In dieser Ausstellung geht es um den Wettstreit der Künste,
vor allem den Wettstreit von Malerei und Skulptur - darum, welche
der beiden Künste besser sei. Der findige Schiedsmann wird
zunächst fragen, in welcher Disziplin der Wettstreit denn ausgetragen
wird? Nach welcher Leistung sollen die bildenden Künste bemessen
werden?
Sollen sie uns ein möglichst realistisches Abbild des Sichtbaren,
der Menschen und Dinge, der biblischen und mythologischen Geschichten
vor Augen führen?
Oder sollen sie den Sinn, der in den Dingen und der Welt steckt,
die absolute Schönheit und Wahrheit vermitteln?
Heutzutage ist die Abbildung des Sichtbaren
durch Fotographie und Film zunächst einmal eine rein technische
Angelegenheit und keine künstlerische Leistung mehr. Den modernen
Künstlern geht es in den seltensten Fällen noch um die
möglichst objektive Wiedergabe des Gesehenen, sondern um eine
Interpretation der visuellen Phänomene oder die Illustration
von Konzepten durch künstlerische Arrangements.

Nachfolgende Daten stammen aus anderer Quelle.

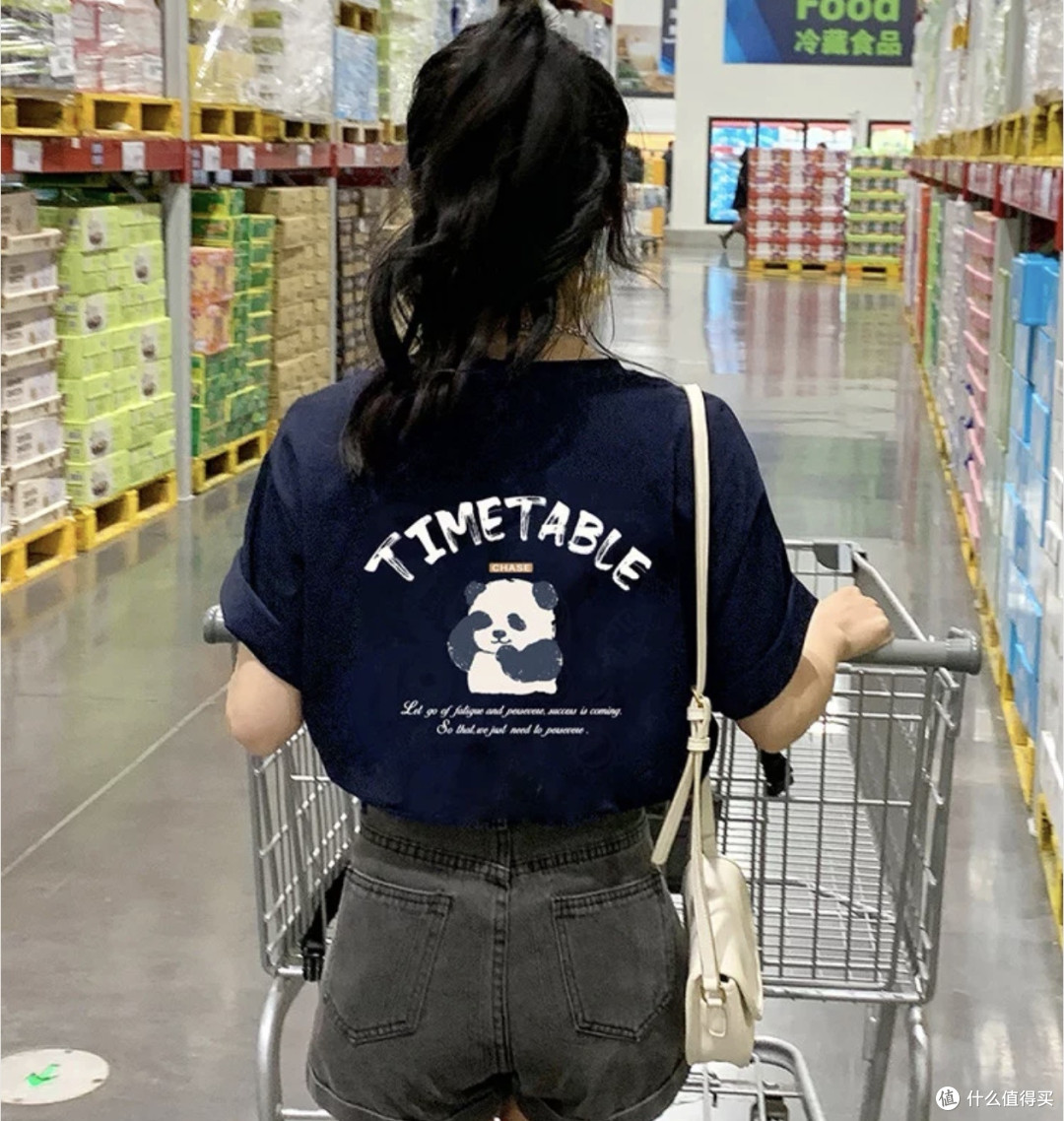 买衣服越来越难,我最后买回唐狮:上衣能穿,裤子难选,配了四套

Zu Beginn der Neuzeit aber war die realistische Bestandsaufnahme
der sichtbaren Welt eine neue, spannende Herausforderung, da das
Diesseits und seine optischen Phänomene im Mittelalter kaum
eine Rolle spielten. Malerei und Skulptur wetteiferten darum, welche
von beiden dieser Herausforderung am besten gerecht werden könnte.

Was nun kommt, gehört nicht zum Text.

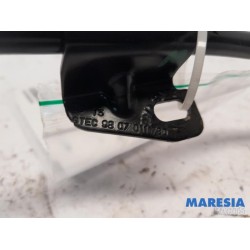 Peugeot - 308 - Oil dipstick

Im Endeffekt folgten jedoch beide Künste einem Ziel: Sie wollten
unter Beweis stellen, dass sie keineswegs rein handwerkliche Tätigkeiten
waren, sondern intellektuelle Künste, die ein Konzept, eine
Idee verfolgten und damit der Dichtkunst gleichwertig den Wissenschaften
zuzuordnen sein. In der Ausstellung geht es um beides: die spezifischen
Fähigkeiten sei es der Malerei, sei es der Skulptur, aber auch
ihre gemeinsame Selbstdarstellung, bis hin zur Selbstdarstellung
des einzelnen Künstlers. Während der Wettstreit der Künste
relativ schnell seine Zündkraft verlor, da das gemeinsame Ziel
allzu offensichtlich und für den Ausgangspunkt, die Idee oder
das Konzept, in der Zeichnung eine einende Mutter gefunden wurde,
ist die Stellung der Künste in der Gesellschaft noch heute
etwas, worum sie kämpfen müssen. Zwar haben sie ihren
intellektuellen Anspruch glaubhaft unter Beweis gestellt, doch in
gewisser Hinsicht ist ihnen die Lösung vom Handwerk auch zum
Verhängnis geworden: Die Handwerker benötigt man im täglichen
Leben aus ganz praktischen Gründen dringend. Die Künste
hingegen dienen, nachdem sie sich von ihrer abbildenden Funktion
losgesagt haben, "nur" noch der geistigen Erbauung.